SIG-release maintains two sets of jobs that decide whether the release is healthy: Blocking and Informing. Each of these sets is instantiated for each active release (beta or later), plus Master, so at any given time there will be 8-10 dashboards in pairs.
Below, the set of "sig-release-master-blocking" and "sig-release-X.Y-blocking" dashboards will be referred to collectively as "Blocking", and the set of all "-informing" dashboards as Informing. Where only specific dashboards are required, they will be referred to by name or pattern.
There are also some other release dashboards, such as sig-release-misc, sig-release-orphaned, and sig-release-x.y-all, none of which are used to determine readiness to release. They are there either to support other teams (such as the Release Engineering) or as "parking" for jobs that need to be fixed.
If you want to add a Blocking job, please ask to add them to the appropriate Informing dashboard first. The release team can later decide if the test should be moved to the Blocking dashboard.
Additional documentation may be found in the CI Signal Role Handbook.

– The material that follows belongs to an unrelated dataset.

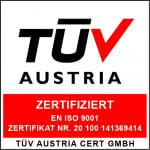 TÜV Austria Zertifizierung für  ISO 9001-2015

Jobs on the Blocking dashboard for a particular release should block that release if they do not have at least three successive "green" runs at go/nogo decision time. In some cases, the CI Signal team may authorize release with a job still failing for thoroughly investigated reasons, but the general expectation is "jobs red, do not release."
As such, criteria for what jobs are on Blocking are rather stringent, in order to prevent aborting a release unnecessarily. Note that not all current jobs meet the below criteria completely due to technical debt. Blocking jobs must:
- Have a documented reason for its inclusion in the Blocking suite
- Provision clusters via open-source software instead of a hosted service
- Have the average of 75% percentile duration of all runs for a week finishing in 120 minutes or less
- Run at least every 3 hours
- Be able to pass 3 times in a row against the same commit
- Be Owned by a SIG, or other team, that is responsive to addressing failures, and whose alert email is configured in the job.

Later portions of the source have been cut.